Lorsque l’opinion publique pense à la question de l’islam de France, elle évoque généralement l’islamisme et le djihadisme. Or, le phénomène le plus important concerne plutôt la place nouvelle d’un « culturalisme » musulman, c’est-à-dire la généralisation de comportements et de revendications d’ordre culturel autant que religieux. Ce courant voudrait en outre unifier par la base des fidèles divisés, qui pourraient ainsi agir en tant que communauté constituée et reconnue par la République.

Une nouvelle base

Les musulmans qui veulent peser dans le débat public appartiennent de moins en moins aux organisations officielles, mais sont plutôt des membres actifs d’associations, chez qui la fréquentation de la mosquée et la piété ne sont que des éléments d’une identité plus large. La plupart sont de jeunes adultes, entre 25 et 35 ans, ayant fait des études, et connaissant les codes d’une société française qu’ils voudraient pousser à reconnaître leur « islamité ». On les voit chaque année au Bourget pour une rencontre que l’UOIF, proche des Frères musulmans, a opportunément baptisée « Rencontre des musulmans de France », et qui réunit 150 000 visiteurs, dont un ou deux évêques.

Une exaspération globale

Cette conscience nouvelle, qui dépasse la pratique religieuse, se nourrit d’un sentiment victimaire (ce que l’INSEE appelle le « déni de francité »), des affaires autour du voile, de l’incarcération de Taraq Ramadan, et de la cause palestinienne. Ils se proclament antiterroristes, républicains, mais pourtant hostiles à des imams jugés trop « collaborationnistes » (Tareq Oubrou, Dalil Boubakeur, etc…). Sur la question du djihadisme, leurs sites internet affirment qu’il n’a rien à voir avec l’islam, mais montrent que les musulmans sont les grandes victimes des conflits actuels ; ils sont anti-saoudiens car le royaume s’est trop aligné sur Washington, se prononcent pour la résistance palestinienne à Israël et pour les groupes qui s’opposent à Bachar al-Assad en Syrie. On flirte donc souvent avec l’ambiguïté…
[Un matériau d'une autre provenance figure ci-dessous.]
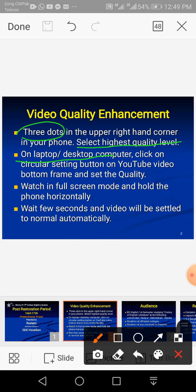If you are watching this video on a laptop or desktop computer, at the bottom of the YouTube video frame you will find a circular wheel-type settings button. Click on it and set the highest quality level, that is pixel level. If you are watching it on an Android phone, please hold the phone horizontally, switch on the auto-rotate button. On laptop or desktop you can watch in full screen mode. Even after 10 to 20 seconds, automatic quality enhancement will occur and you can find every slide very clear with no blur text.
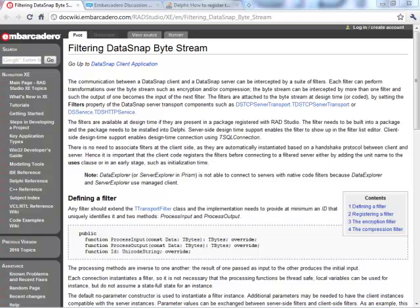In DataSnap architecture you can use different communication protocols like TCP/IP or HTTP, and you can also use communication filters that make it possible for the programmer to modify the actual byte stream that is exchanged between client and the server.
Une volonté d’organisation

Cette base instruite, connectée aux réseaux sociaux, connaissant le droit, refuse les tentatives d’organisation de l’islam de France par le haut, c’est-à-dire par le pouvoir politique et la Mosquée de Paris. Ils ont donc lancé leur propre projet à travers la « Consultation des musulmans de France ». Ils veulent peser dans les élections, quitte à assumer depuis 2010 un « vote musulman », pourtant décrié dans la tradition française. On les voit imiter des phénomènes typiquement américains de communautarisme, présentant l’islam comme une fraternité universelle et tendance, autant qu’une religion.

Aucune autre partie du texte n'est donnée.